→ Task input:

——

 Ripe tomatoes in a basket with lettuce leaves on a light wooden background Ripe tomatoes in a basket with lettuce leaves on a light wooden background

——

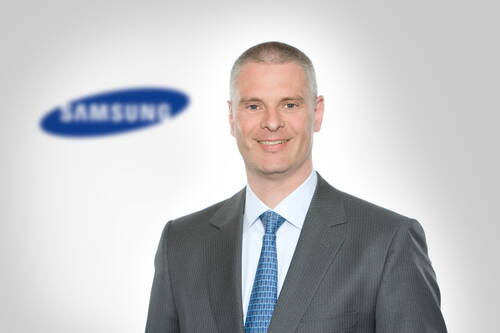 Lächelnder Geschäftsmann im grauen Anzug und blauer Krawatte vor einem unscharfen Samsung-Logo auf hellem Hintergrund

——

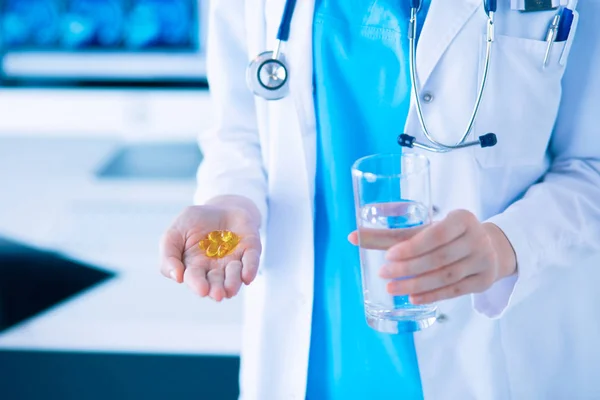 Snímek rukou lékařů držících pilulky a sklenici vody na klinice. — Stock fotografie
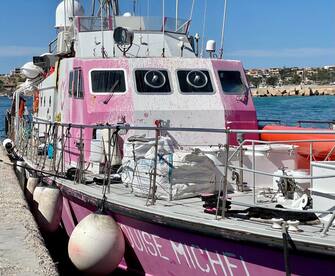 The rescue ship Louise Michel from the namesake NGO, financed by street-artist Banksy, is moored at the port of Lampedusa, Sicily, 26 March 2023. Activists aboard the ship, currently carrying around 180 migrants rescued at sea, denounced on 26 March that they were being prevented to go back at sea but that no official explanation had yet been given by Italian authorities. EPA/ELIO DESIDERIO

——

→ What is being asked: Your task is to copy only the lines above starting at the one containing "Snímek rukou lékařů" and ending at the one containing "The rescue ship". Copy them exactly, both ends included, and omit the pictures.

→ The completed task:
 Snímek rukou lékařů držících pilulky a sklenici vody na klinice. — Stock fotografie
 The rescue ship Louise Michel from the namesake NGO, financed by street-artist Banksy, is moored at the port of Lampedusa, Sicily, 26 March 2023. Activists aboard the ship, currently carrying around 180 migrants rescued at sea, denounced on 26 March that they were being prevented to go back at sea but that no official explanation had yet been given by Italian authorities. EPA/ELIO DESIDERIO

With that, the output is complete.